# 5k interval oil change



## Ronan1 (Mar 5, 2008)

Howdy all, I was planning to take my car to get the oil changed (at 15k) which is inbetween the 10-20k service intervals. I've found a local garage that specialises in VW's and he's got 0w40 Mobil 1 oil for me.
If I get this work done here, will it effect my warranty? Will my VW garage know that someone else has serviced the car?
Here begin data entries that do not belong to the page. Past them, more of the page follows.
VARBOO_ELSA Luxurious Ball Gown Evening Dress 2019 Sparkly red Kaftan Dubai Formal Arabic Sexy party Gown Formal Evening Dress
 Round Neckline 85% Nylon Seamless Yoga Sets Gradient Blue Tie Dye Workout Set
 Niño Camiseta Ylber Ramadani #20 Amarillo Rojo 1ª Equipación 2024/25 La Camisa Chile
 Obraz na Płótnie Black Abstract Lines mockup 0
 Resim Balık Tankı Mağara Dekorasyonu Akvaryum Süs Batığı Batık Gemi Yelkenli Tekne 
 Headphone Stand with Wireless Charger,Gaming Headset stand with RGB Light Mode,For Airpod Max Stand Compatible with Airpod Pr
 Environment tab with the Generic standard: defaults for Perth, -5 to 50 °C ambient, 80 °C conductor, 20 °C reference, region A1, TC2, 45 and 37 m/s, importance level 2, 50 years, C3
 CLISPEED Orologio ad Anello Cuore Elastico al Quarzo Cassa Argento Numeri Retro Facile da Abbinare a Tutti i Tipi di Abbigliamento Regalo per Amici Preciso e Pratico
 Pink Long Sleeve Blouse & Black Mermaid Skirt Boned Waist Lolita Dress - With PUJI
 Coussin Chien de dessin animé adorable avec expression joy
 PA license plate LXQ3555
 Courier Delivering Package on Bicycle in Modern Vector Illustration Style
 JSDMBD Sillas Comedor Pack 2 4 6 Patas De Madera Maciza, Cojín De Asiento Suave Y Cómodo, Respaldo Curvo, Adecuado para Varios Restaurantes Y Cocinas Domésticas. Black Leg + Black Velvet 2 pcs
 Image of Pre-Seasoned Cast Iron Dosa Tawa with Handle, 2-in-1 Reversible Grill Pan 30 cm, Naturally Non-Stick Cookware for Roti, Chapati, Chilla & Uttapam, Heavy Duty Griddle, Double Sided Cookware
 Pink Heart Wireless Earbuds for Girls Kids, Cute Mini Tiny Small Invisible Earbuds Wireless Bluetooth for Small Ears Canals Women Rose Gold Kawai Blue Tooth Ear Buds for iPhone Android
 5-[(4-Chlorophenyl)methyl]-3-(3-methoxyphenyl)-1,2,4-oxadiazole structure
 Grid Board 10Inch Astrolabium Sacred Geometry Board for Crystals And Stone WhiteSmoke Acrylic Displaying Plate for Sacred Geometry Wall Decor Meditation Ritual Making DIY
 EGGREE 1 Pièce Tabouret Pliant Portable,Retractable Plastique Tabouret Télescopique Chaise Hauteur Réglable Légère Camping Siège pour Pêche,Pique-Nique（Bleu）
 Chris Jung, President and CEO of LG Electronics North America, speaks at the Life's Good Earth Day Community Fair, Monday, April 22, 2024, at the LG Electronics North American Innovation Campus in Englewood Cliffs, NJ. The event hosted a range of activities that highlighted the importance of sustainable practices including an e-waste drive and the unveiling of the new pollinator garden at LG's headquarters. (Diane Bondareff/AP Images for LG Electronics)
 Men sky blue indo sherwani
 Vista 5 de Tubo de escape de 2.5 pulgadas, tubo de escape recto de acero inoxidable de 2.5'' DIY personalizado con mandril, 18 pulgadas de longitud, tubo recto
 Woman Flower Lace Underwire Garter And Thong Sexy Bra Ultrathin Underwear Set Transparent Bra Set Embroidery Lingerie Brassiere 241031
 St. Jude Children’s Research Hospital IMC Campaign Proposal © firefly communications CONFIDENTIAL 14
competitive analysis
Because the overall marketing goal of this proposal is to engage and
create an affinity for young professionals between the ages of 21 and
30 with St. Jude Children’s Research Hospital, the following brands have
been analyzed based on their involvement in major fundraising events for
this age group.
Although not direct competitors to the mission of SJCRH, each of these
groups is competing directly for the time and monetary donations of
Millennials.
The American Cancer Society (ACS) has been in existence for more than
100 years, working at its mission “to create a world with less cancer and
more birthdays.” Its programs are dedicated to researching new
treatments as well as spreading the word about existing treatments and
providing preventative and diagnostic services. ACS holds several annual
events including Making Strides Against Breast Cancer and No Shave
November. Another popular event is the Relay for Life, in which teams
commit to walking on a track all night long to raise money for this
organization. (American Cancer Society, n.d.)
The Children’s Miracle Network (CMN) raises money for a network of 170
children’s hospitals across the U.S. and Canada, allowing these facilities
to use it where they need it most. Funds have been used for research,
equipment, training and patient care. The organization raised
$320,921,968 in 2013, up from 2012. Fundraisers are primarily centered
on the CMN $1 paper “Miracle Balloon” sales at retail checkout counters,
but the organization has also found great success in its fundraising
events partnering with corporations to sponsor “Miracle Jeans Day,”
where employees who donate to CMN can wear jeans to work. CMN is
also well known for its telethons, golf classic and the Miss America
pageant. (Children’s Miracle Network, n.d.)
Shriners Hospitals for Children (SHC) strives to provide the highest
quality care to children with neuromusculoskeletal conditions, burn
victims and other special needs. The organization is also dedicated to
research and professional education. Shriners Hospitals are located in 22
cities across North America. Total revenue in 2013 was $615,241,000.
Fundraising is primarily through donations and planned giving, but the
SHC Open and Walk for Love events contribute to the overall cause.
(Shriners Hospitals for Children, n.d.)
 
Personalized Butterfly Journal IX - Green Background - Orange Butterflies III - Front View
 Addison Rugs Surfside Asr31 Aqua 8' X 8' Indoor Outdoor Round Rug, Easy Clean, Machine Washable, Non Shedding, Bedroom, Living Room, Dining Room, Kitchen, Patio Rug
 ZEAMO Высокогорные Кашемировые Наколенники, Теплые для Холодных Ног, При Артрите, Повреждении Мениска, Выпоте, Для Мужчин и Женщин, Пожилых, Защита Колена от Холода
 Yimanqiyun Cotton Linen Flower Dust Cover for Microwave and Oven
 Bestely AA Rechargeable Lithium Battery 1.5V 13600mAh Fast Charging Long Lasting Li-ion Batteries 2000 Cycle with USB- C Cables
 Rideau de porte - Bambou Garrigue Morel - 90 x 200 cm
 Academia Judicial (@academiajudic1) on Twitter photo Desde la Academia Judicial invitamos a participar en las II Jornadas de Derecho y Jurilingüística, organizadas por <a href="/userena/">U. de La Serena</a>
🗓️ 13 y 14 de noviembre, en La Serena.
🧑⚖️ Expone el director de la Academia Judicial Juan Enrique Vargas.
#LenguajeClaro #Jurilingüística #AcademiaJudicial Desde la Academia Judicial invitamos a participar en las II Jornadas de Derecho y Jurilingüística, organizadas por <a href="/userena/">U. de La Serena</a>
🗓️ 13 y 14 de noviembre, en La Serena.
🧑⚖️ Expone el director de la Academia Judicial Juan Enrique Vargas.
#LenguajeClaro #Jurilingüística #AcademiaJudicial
I have a pre-paid maintenance plan which is good up till 40k at the garage, so I'm happy to get the oil changes done at a non-dealer but specialist place, which is a bit less expensive and closer to where I live. Any thoughts guys?


----------



## AZV6 (May 3, 2006)

*Re: 5k interval oil change (Ronan1)*

Mobil 1 is VW approved.
here are the mobil that are approved for 502.00 :
Mobil Mobil Special X SAE 5W-40
Mobil Mobil Syst S ESP SAE 5W-30
Mobil Mobil 1 SAE 5W-40
Mobil Mobil Synt S SAE 5W-40
Mobil Mobil 1 SAE 0W-40
MobilMobil 1 Turbo Diesel SAE 0W-40
MobilMobil 1 Turbo Diesel SAE 5W-40
MobilMobil 1 Arctic SAE 0W-40
MobilMobil Synt S Turbo DieselSAE 5W-40
MobilTecar 50501SAE 5W-30
MobilMobil Special X SAE 5W-40
MobilMobil 1 Formula C SAE 0W-40
There should be no issue as long as you have a invoice for it.
jason


----------



## Ronan1 (Mar 5, 2008)

*Re: 5k interval oil change (AZV6)*

thanks!


----------



## AZV6 (May 3, 2006)

*Re: 5k interval oil change (Ronan1)*

Bare in mind I don't recommend it.
I think it makes the car slightly sluggish.
If anything use the 5w-30
I suggest OEM oil or if you can find it in your area which should not be a problem, get Pentosin High performance 5w-40 or Lubro-moly
Jason


----------